Re: [PATCH v3 2/5] PCI: Take bridge window alignment into account when distributing resources

Mika Westerberg <mika.westerberg@xxxxxxxxxxxxxxx> · Sat, 31 Mar 2018 12:18:41 +0300

On Thu, Mar 29, 2018 at 04:29:21PM -0500, Bjorn Helgaas wrote:
> On Wed, Mar 28, 2018 at 03:01:20PM +0300, Mika Westerberg wrote:
> > On Tue, Mar 27, 2018 at 02:23:18PM -0500, Bjorn Helgaas wrote:
> > > On Mon, Feb 26, 2018 at 04:21:09PM +0300, Mika Westerberg wrote:
> > > > When connecting a Thunderbolt endpoint which itself has internal PCIe
> > > > switch (not the integrated one) the way we currently distribute
> > > 
> > > I don't understand this distinction between "internal PCIe switch" and
> > > "integrated one".
> > 
> > I tried to explain here that Thunderbolt endpoint itself has an internal
> > (integrated) PCIe switch.
> 
> I was confused by this because I thought you meant "Endpoint" in the
> sense used in the PCIe spec, i.e., something with a type 0 config
> header.  But you're using "endpoint" to mean "some collection of
> devices with a Thunderbolt interface on one side".
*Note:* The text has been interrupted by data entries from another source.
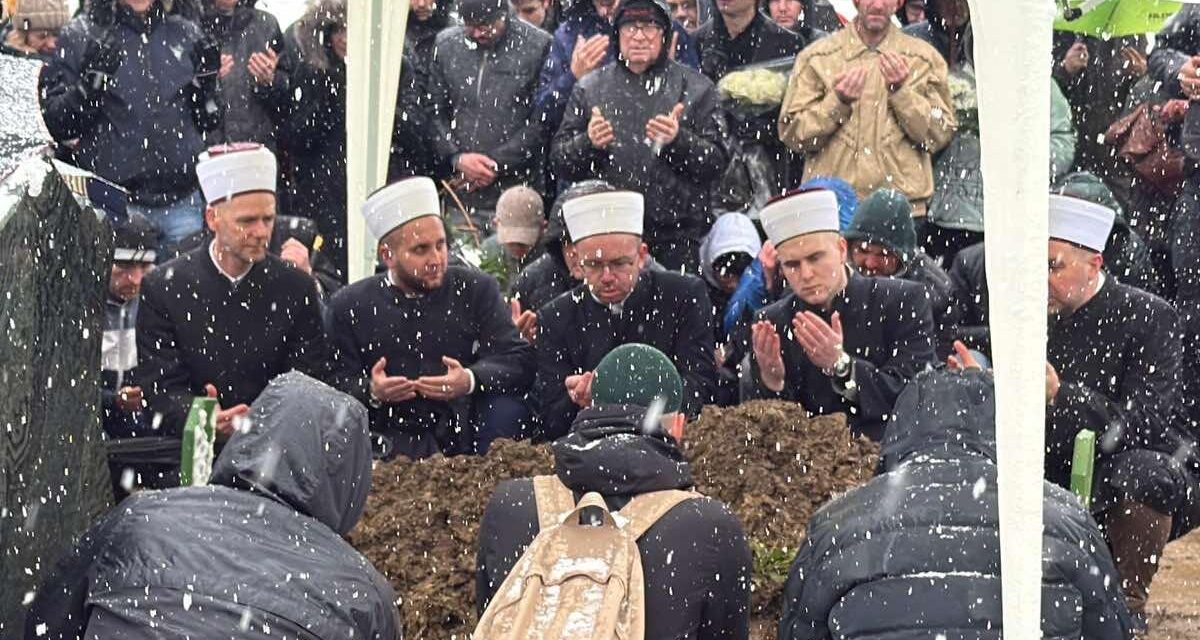 U Brčkom klanjana dženaza Erdoanu Morankiću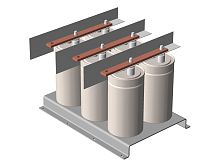 Крышка фильтра RLC. 3x136 мкФ (D) 920A 690VAC 181B5821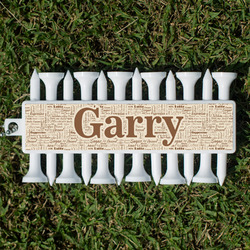 Coffee Lover Golf Tees & Ball Markers Set (Personalized)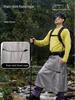 Hikeman Rain Skirt for Hiking Camping Lightweight Waterproof Half Raincoat Outdoor Trekking Rain Pants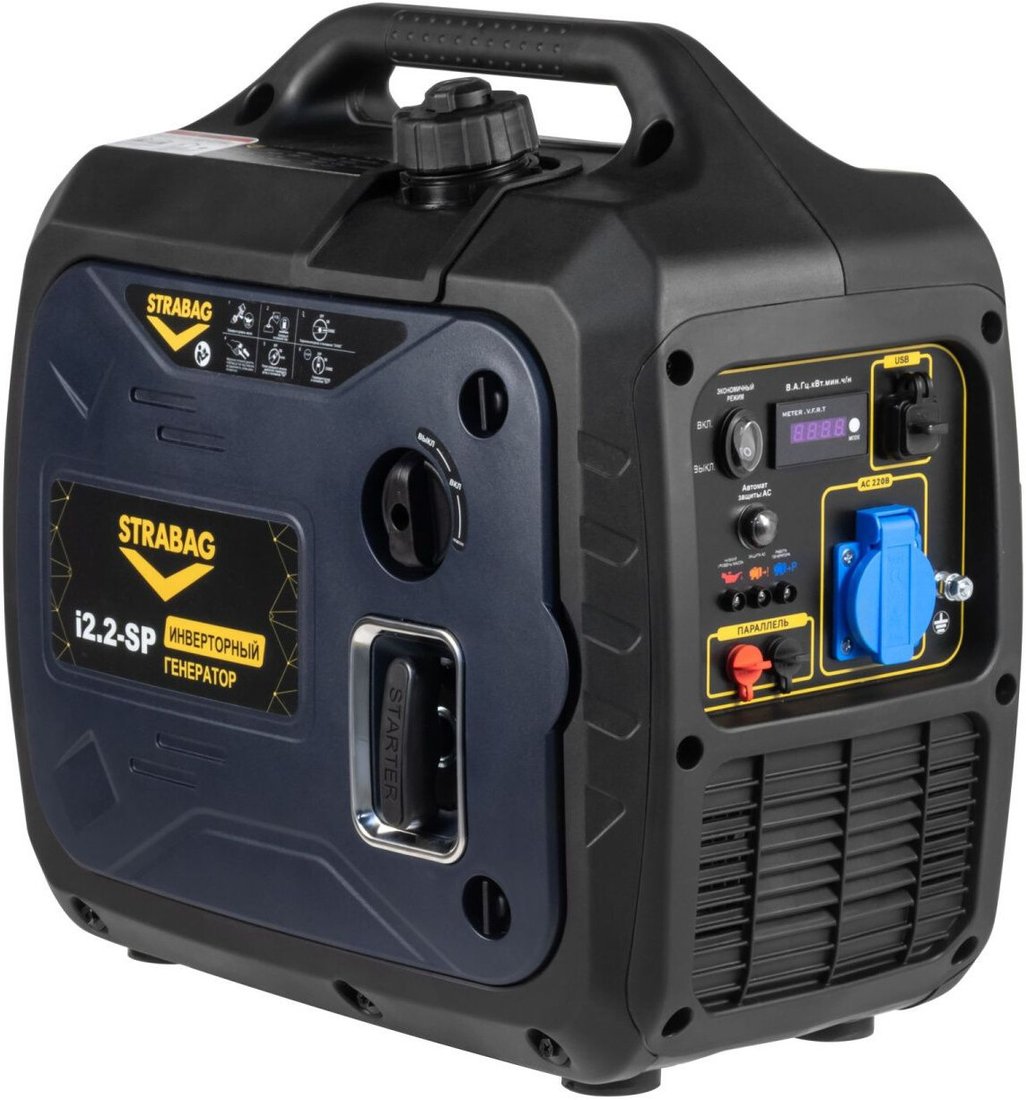 Бензиновый генератор STRABAG i2.2-SP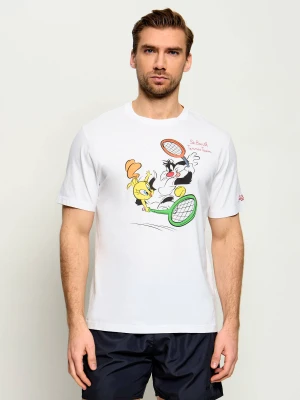 ST.Barth T-shirt DENVER | ST. Barth x Looney Tunes | Classic fit biały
Yeah, I think the official term is "Thunderbolt endpoint" but I admit
it is confusing here.

> > > >From a PCI point of view, I assume you're adding a switch with 4 NIC
> > > endpoints below it.
> > 
> > Yes, exactly.
> > 
> > The PCIe device in question is Intel Gigabit ET2 Quad Port Server
> > adapter.
> > 
> > > > resources does not always work well because devices below
> > > > non-hotplug bridges might need to have their MMIO resources
> > > > aligned to something else than 1 MB boundary. As an example
> > > > connecting a server grade 4-port GbE add in card adds another
> > > > PCIe switch leading to GbE devices that want to have their MMIO
> > > > resources aligned to 2 MB boundary instead.
> > > 
> > > Is there something unique about Thunderbolt here?  I assume from a
> > > PCI point of view, these NIC ports have BARs that are 2 MB or
> > > larger and hence need 2 MB or larger alignment?
> > 
> > No, this is not unique to Thunderbolt in any way.
> 
> I think this is a case of confusing things by mentioning irrelevant
> details, e.g., leading off with "When connecting a Thunderbolt
> endpoint" when the problem can occur when hot-adding any PCIe device
> (or maybe only when adding a bridge?  I don't know).
> 
> It's good to mention a specific example, but I think it's best if you
> can describe the situation as generically as possible first, then cite
> the case at hand in a way that it's obvious this is just one of many
> possibilities.

OK, I'll rework the changelog accordingly.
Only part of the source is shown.